VLMs and LLMs enable robots to map loosely defined instructions to a specific sequence of tasks that are within the range of the robot’s skills. And interestingly, many frontier models can accomplish such tasks without the need to be trained.

“I can take those different skills and, with these large language models, I can just string them together and reason about how I should use them,” Paxton said. “With the new visual language models like GPT-4V, we can see how these systems can come together and be useful in a wide range of applications.”

One example is GenEM, a technique developed by the University of Toronto, Google DeepMind and Hoku Labs. GenEM uses the vast social context available in large language models to create expressive behaviors for robots. GenEM uses GPT-4 to reason about the environment and determine, based on the robot’s affordances, what kind of behavior it should engage in. For example, the LLM determines that it is polite to nod to people to acknowledge their presence. It then translates this to specific actions that the robot supports, such as moving its head up and down. It does this using the vast knowledge contained in its training data as well as its in-context learning abilities, which enable it to map the actions to API calls for the robot.

Another project is OK-Robot, a system created by Meta and New York University, which combines VLMs with movement-planning and object-manipulation modules to perform pick-and-drop operations in environments that the robot has never seen before.

Some robotics startups are finding renewed success with the growing capabilities of language models. For example, Figure, a California-based robotics startup, recently raised $675 million to build humanoid robots powered by vision and language models. The company’s robots use OpenAI models to analyze instructions and plan their actions. 

It is important to note, however, that while LLMs and VLMs solve important problems, these robotics teams must still create the systems for primitive skills such as grasping and moving objects, avoiding obstacles, and navigating the environment.

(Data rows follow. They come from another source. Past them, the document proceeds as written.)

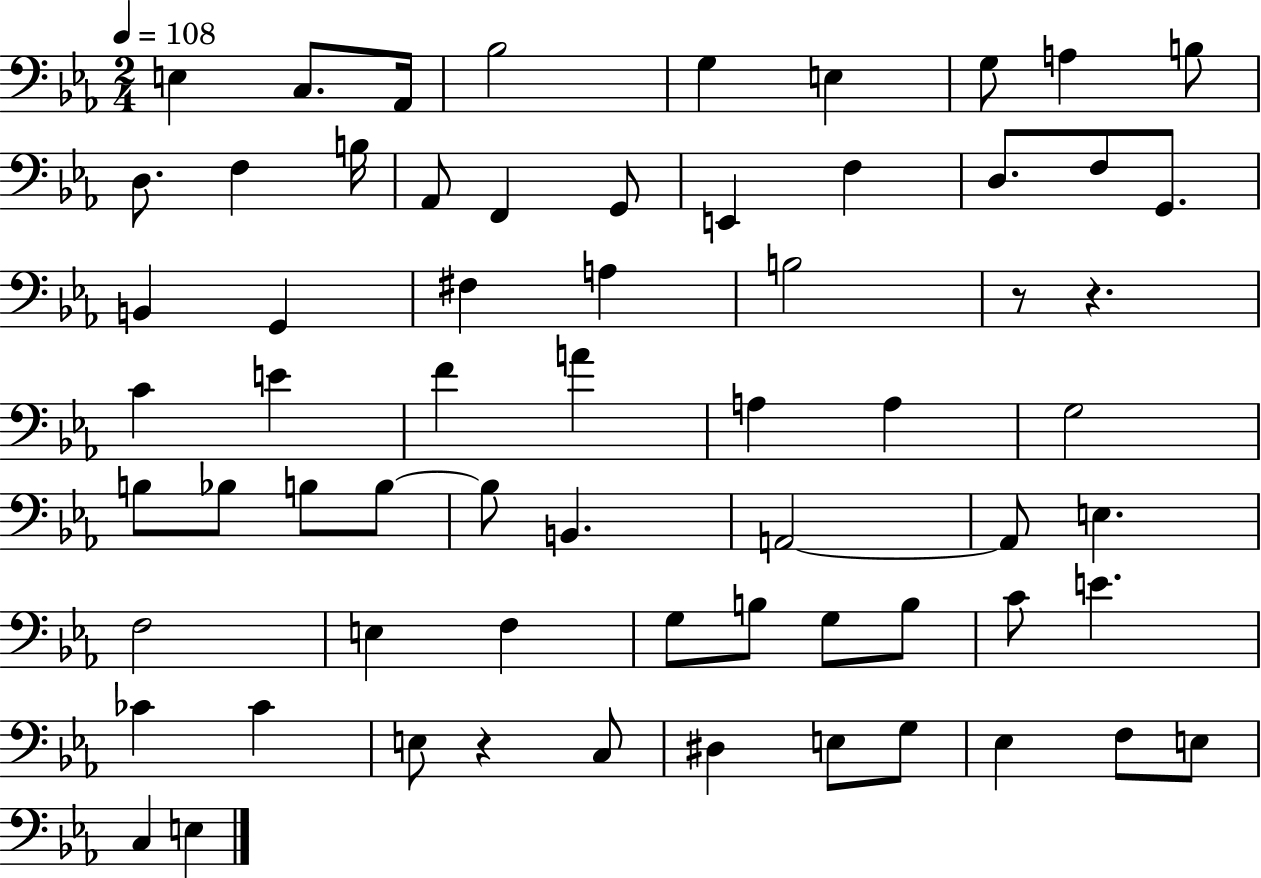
X:1
T:Untitled
M:2/4
L:1/4
K:Eb
E, C,/2 _A,,/4 _B,2 G, E, G,/2 A, B,/2 D,/2 F, B,/4 _A,,/2 F,, G,,/2 E,, F, D,/2 F,/2 G,,/2 B,, G,, ^F, A, B,2 z/2 z C E F A A, A, G,2 B,/2 _B,/2 B,/2 B,/2 B,/2 B,, A,,2 A,,/2 E, F,2 E, F, G,/2 B,/2 G,/2 B,/2 C/2 E _C _C E,/2 z C,/2 ^D, E,/2 G,/2 _E, F,/2 E,/2 C, E,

“There’s a lot of other work that goes on at the level below that those models aren’t handling,” Paxton said. “And that’s the kind of stuff that is hard to do. And in a lot of ways, it’s because the data doesn’t exist. That’s what all these companies are building.”

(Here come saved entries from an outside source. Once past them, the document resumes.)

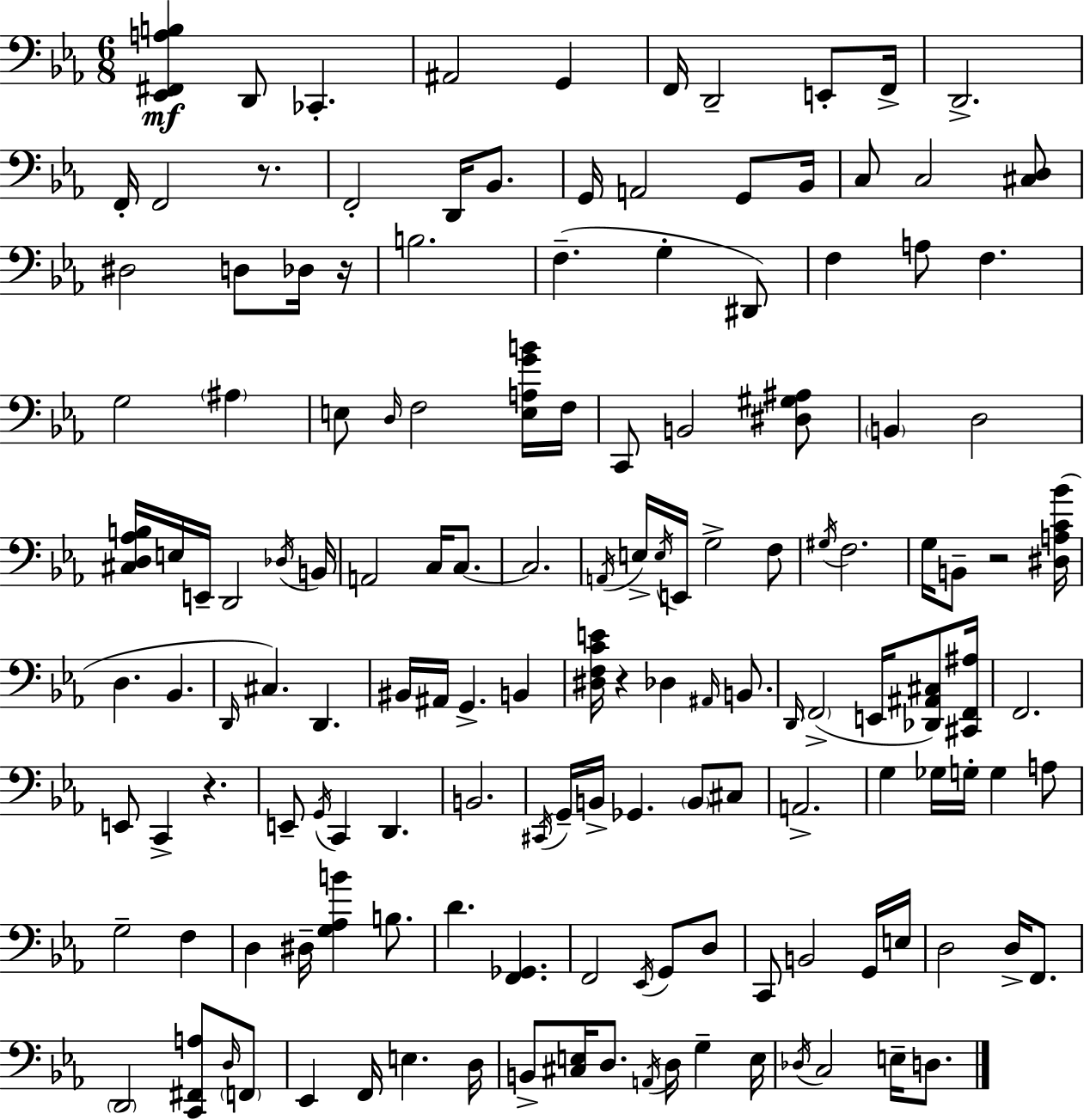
[Eb2,F#2,A3,B3]/q D2/e CES2/q. A#2/h G2/q F2/s D2/h E2/e F2/s D2/h. F2/s F2/h R/e. F2/h D2/s Bb2/e. G2/s A2/h G2/e Bb2/s C3/e C3/h [C#3,D3]/e D#3/h D3/e Db3/s R/s B3/h. F3/q. G3/q D#2/e F3/q A3/e F3/q. G3/h A#3/q E3/e D3/s F3/h [E3,A3,G4,B4]/s F3/s C2/e B2/h [D#3,G#3,A#3]/e B2/q D3/h [C#3,D3,Ab3,B3]/s E3/s E2/s D2/h Db3/s B2/s A2/h C3/s C3/e. C3/h. A2/s E3/s E3/s E2/s G3/h F3/e G#3/s F3/h. G3/s B2/e R/h [D#3,A3,C4,Bb4]/s D3/q. Bb2/q. D2/s C#3/q. D2/q. BIS2/s A#2/s G2/q. B2/q [D#3,F3,C4,E4]/s R/q Db3/q A#2/s B2/e. D2/s F2/h E2/s [Db2,A#2,C#3]/e [C#2,F2,A#3]/s F2/h. E2/e C2/q R/q. E2/e G2/s C2/q D2/q. B2/h. C#2/s G2/s B2/s Gb2/q. B2/e C#3/e A2/h. G3/q Gb3/s G3/s G3/q A3/e G3/h F3/q D3/q D#3/s [G3,Ab3,B4]/q B3/e. D4/q. [F2,Gb2]/q. F2/h Eb2/s G2/e D3/e C2/e B2/h G2/s E3/s D3/h D3/s F2/e. D2/h [C2,F#2,A3]/e D3/s F2/e Eb2/q F2/s E3/q. D3/s B2/e [C#3,E3]/s D3/e. A2/s D3/s G3/q E3/s Db3/s C3/h E3/s D3/e.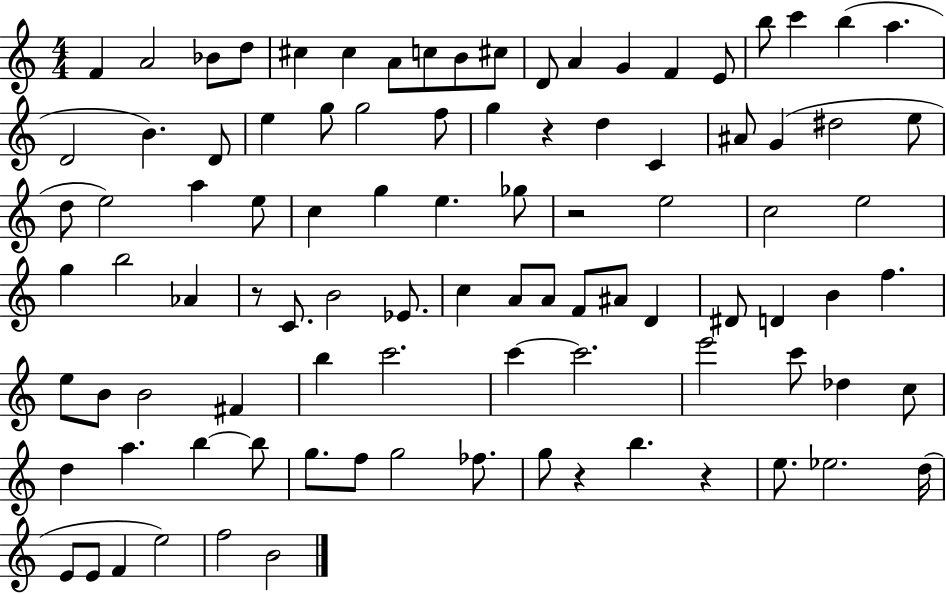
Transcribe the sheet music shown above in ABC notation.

X:1
T:Untitled
M:4/4
L:1/4
K:C
F A2 _B/2 d/2 ^c ^c A/2 c/2 B/2 ^c/2 D/2 A G F E/2 b/2 c' b a D2 B D/2 e g/2 g2 f/2 g z d C ^A/2 G ^d2 e/2 d/2 e2 a e/2 c g e _g/2 z2 e2 c2 e2 g b2 _A z/2 C/2 B2 _E/2 c A/2 A/2 F/2 ^A/2 D ^D/2 D B f e/2 B/2 B2 ^F b c'2 c' c'2 e'2 c'/2 _d c/2 d a b b/2 g/2 f/2 g2 _f/2 g/2 z b z e/2 _e2 d/4 E/2 E/2 F e2 f2 B2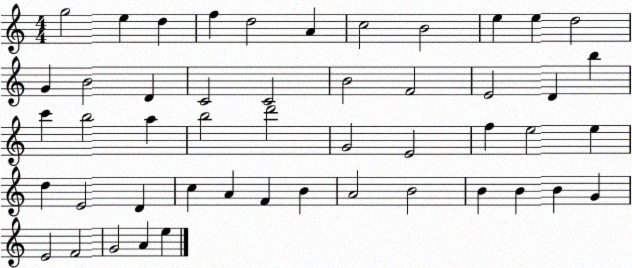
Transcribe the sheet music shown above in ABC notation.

X:1
T:Untitled
M:4/4
L:1/4
K:C
g2 e d f d2 A c2 B2 e e d2 G B2 D C2 C2 B2 F2 E2 D b c' b2 a b2 d'2 G2 E2 f e2 e d E2 D c A F B A2 B2 B B B G E2 F2 G2 A e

Specialized foundation models

Another approach to using LLMs and VLMs is the development of specialized foundation models for robotics. These models usually build on the vast knowledge contained in pre-trained models and customize their architectures for robotic actions.

One of the most important projects in this respect was Google’s RT-2, a vision-language action (VLA) model that takes perception data and language instructions as input and directly outputs action commands to the robot. 

Google DeepMind recently created RT-X-2, a more advanced version of RT-2 that adapts to different kinds of robot morphologies and can perform tasks that were not included in its training data. And RT-Sketch, a collaboration between DeepMind and Stanford University, translates rough sketches into robot action plans.

“These are a different approach where the model is now one huge policy that can do everything,” Paxton said. “That’s another exciting direction that is based on end-to-end learning where you take a camera feed and the robot figures out most of what it needs to do.”

Foundation models for robotics have also found their way into the commercial space. In March, Covariant announced RFM-1, an 8-billion parameter transformer model trained on text, images, videos, robot actions and a range of numerical sensor readings. Covariant aims to create a foundation model that can solve many tasks for different types of robots. 

And Project GR00T, announced at Nvidia GTC, is a general-purpose foundation model that enables humanoid robots to take text, speech, videos or even live demonstrations as input and process it to take specific general actions. 

Language models still have a lot of untapped potential and will continue to help robotics researchers make progress on fundamental issues. And as LLMs continue to progress, we can expect their results to usher in innovations in robotics.